The class feels very active, in the same way I've said before that the Warrior tank class feels very active compared to the other tanks. My best guess for where this feeling comes from is that most of the time you will quickly notice two or maybe three ways to deal with a given situation, and actively choose the most effective, or perhaps the most fun. :)

Having a channel lead into an instant cast spell is the most awesome and innovative implementation of a "fast expensive heal" I've seen in the game so far. For all other healing classes it's a 1.5-second cast heal, which is usually not significantly faster than the next-fastest heal, but can't really be shortened or it would introduce a severe haste DR.

I've yet to really figure out how to use Healing Sphere. I think for a WoW spell it's a pretty radical design-- you toggle the spell on [like Keg Toss], and place Healing Spheres with the mouse on a 0.5-second global CD, which deal a not-insignificant amount of healing and will hit the people who need it.

At this point it's still really hard to tell what this stuff is going to look like at endgame.

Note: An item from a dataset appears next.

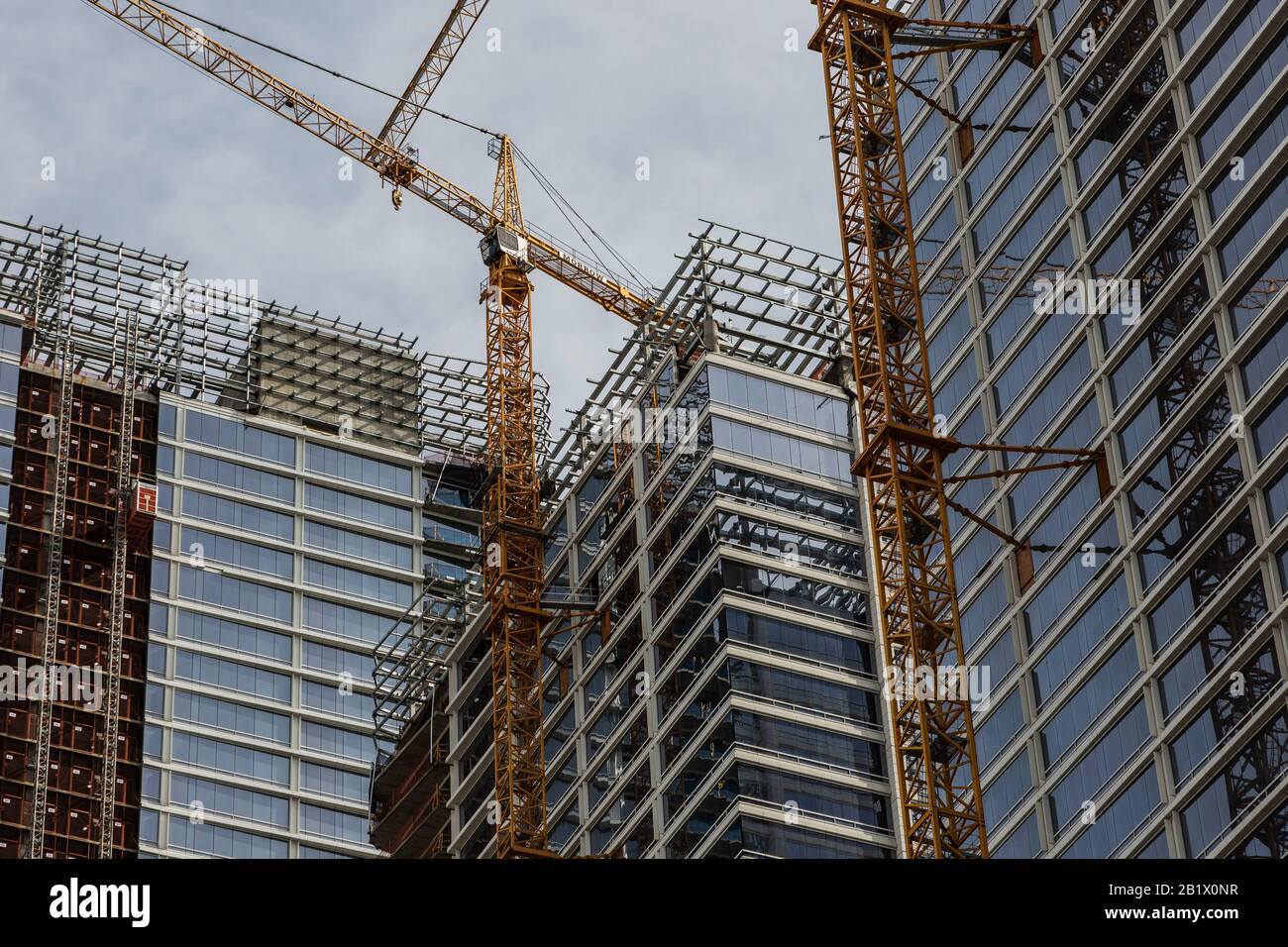 Los Angeles, États-Unis. 27 février 2020. La construction de la OceanWide Plaza, un projet de vente au détail et de logement à plusieurs gratte-ciel d'un milliard de dollars, est au point mort depuis plus d'un an en raison du financement du gouvernement chinois. La guerre commerciale entre les États-Unis et la Chine, ainsi que les préoccupations récentes concernant le coronavirus, permettront de maintenir le projet dans le limbo. OceanWide Plaza est situé dans le centre-ville de Los Angeles, en face du Staples Center. 2/27/2020 Los Angeles, CA USA (photo de Ted Soqui/SIPA USA) crédit: SIPA USA/Alay Live News Banque D'Images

The dungeons I'm healing all seem very trivial, and when my weakest channel heal can tick for as much as half of a tank's health, I get the feeling I might be overgeared for the content.

I've also noticed that moving into Wrath content, DPS seems more and more to be holding their own against me, usually beating my damage on boss fights. Even though I am doing two jobs at once, seeing myself at the bottom of the damage meter is still just a little bit demoralising.

Since I wrote the bulk of the above, I've actually race changed my Monk to a female human, named Kiddow. I got tired of the panda very quickly, and while brainstorming, the idea of an homage to [ripoff of] Beatrix Kiddo from Kill Bill was one I found extremely resonant. So I'm playing her as a late-30s, hardened warrior, who has aged somewhat, but so far lost very little of her agility. She's extremely disciplined and patient thanks to years of intense training to master the forces of nature.

Okay give me a break I'm still a newbie at this.